What you have to do:
Locate every line below that contains the word "Gift" and copy it.

Brief descriptive captions:
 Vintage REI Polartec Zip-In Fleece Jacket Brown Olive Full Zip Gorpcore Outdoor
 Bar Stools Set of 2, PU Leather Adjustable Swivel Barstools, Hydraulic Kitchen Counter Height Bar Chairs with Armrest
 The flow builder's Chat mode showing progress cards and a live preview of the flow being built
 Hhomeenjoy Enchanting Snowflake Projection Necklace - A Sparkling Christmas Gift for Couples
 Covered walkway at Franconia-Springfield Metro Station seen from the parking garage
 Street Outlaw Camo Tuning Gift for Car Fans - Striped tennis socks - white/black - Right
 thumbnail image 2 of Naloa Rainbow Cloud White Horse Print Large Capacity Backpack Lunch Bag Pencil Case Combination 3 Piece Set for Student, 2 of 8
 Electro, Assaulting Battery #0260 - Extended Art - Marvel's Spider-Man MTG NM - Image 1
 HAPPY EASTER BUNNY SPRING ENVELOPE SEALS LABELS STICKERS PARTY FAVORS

Exercise result:
 Hhomeenjoy Enchanting Snowflake Projection Necklace - A Sparkling Christmas Gift for Couples
 Street Outlaw Camo Tuning Gift for Car Fans - Striped tennis socks - white/black - Right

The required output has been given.